Among the 11 industries reporting contraction were computer and electronic products, machinery, as well as electrical equipment, appliances and components.
Comments from respondents in the survey remained mixed. Makers of transportation equipment said “orders and production remain steady, and we are maintaining a healthy backlog.”
Manufacturers of miscellaneous goods said they were keeping an eye on the Panama Canal drought, U.S.-China relations, and the impact the United Auto Workers strike on the supply chains. They, however, viewed overall conditions as “stable.”
Apparel, leather and allied products makers described markets as “soft,” while primary metals producers said “business conditions and market demand remain strong,” and they “projected to be at capacity in the next 12 months.” Petroleum and coal products manufacturers said “a recession feels imminent.”
Stocks on Wall Street were higher.
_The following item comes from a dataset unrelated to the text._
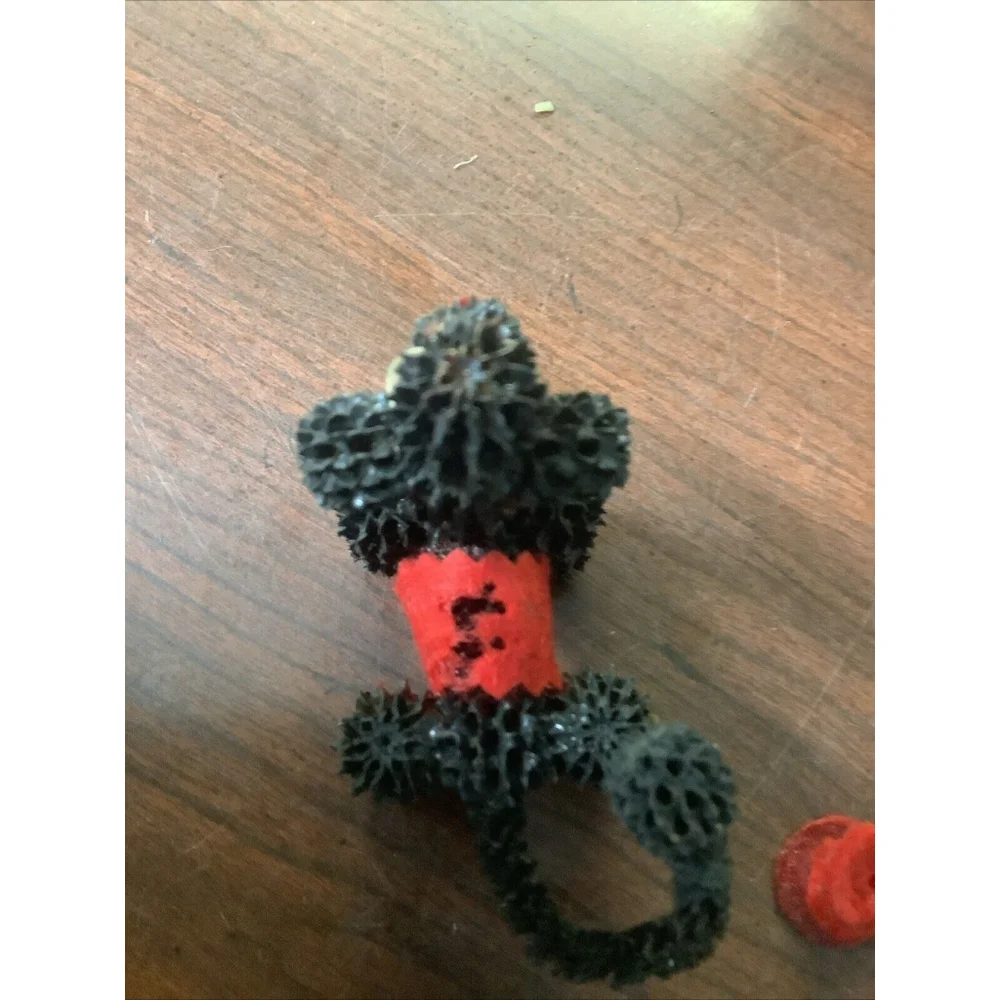 Quirky Vintage Hand Crafted Black Poodle Figurine Sweetgum Seed Pods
The dollar rose against a basket of currencies. U.S. Treasury prices fell.
New orders improve
While the PMIs and other business surveys have painted a grim picture of manufacturing, which accounts for 11.1 percent of the economy, so-called hard data have suggested that the sector continues to chug along.
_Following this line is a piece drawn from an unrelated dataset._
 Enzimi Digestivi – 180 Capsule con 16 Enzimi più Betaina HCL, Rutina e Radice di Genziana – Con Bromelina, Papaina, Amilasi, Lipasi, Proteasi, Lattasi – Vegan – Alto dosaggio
Orders for long-lasting manufactured goods increased 4.2 percent year-on-year in August and business spending on equipment appears to have remained strong in the third quarter after rebounding in the April-June period.
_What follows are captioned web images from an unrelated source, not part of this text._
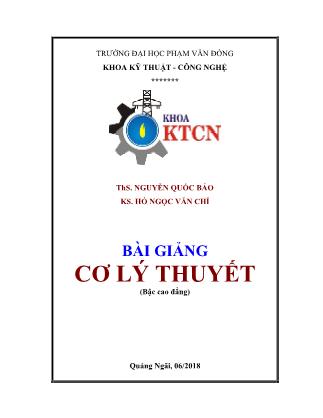 Bài giảng Cơ lý thuyết (Phần 1)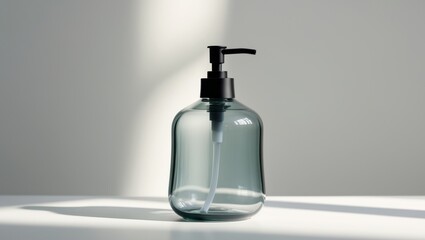 Obraz premium Glass Soap Dispenser with Matte Black Pump.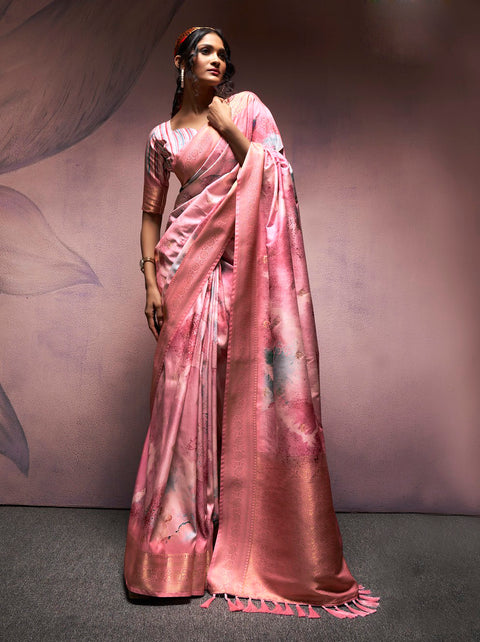 Pink Soft Silk Saree With Digital Print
The ISM survey’s forward-looking new orders sub-index increased to 49.2 last month from 46.8 in August. With new orders improving, production at factories accelerated. The production index increased to 52.5 from 50.0 in the prior month.
But the average commitment lead time for capital expenditures increased by two days.
“This compares to an average of 139 days in over the period 2015-2019, indicating that it still takes a long time to order, obtain, and install business equipment,” said Conrad DeQuadros, senior economic adviser at Brean Capital in New York.
Though backlog orders shrank, inventories at factories and their customers remained very low, which should support future production. Delivery performance of suppliers to manufacturers improved for the 12th straight month. This, together with still- sluggish demand, helped to depress prices for factory inputs.
The survey’s measure of prices paid by manufacturers fell to 43.8 from 48.4 in August. This bodes well for goods disinflation, but the striking auto workers could boost prices of motor vehicles. Rising energy prices could drive inflation higher, but also support manufacturing.
“High oil prices may present headwinds for some parts of the economy and not every manufacturer celebrates higher prices for crude, but on balance high oil prices are associated with brisk activity in manufacturing,” said Tim Quinlan, a senior economist at Wells Fargo in Charlotte, North Carolina.
Factory employment improved further after slumping to three-year lows in July. The survey’s gauge of factory employment rose to 51.2 last month from 48.5 in August.
“Attrition remained the primary source of head-count reductions, but hiring freezes were more prevalent,” said Timothy Fiore, Chair of the ISM Manufacturing Business Survey Committee.
A separate report from the Commerce Department showed construction spending increased 0.5 percent in August after rising 0.9 percent in July, lifted by outlays on single- and multi-family housing. But with mortgage rates near 23-year highs, momentum could slow.
Construction spending jumped 7.4 percent on a year-on-year basis in August. Spending on private construction projects rose 0.5 percent, with investment in residential construction advancing 0.6 percent after increasing 1.6 percent in the prior month. Private construction spending gained 1.2 percent in July.
Spending on private non-residential structures like factories climbed 0.3 percent in August. Spending on manufacturing construction projects shot up 1.2 percent amid efforts by the Biden administration to bring semiconductor manufacturing back to the United States.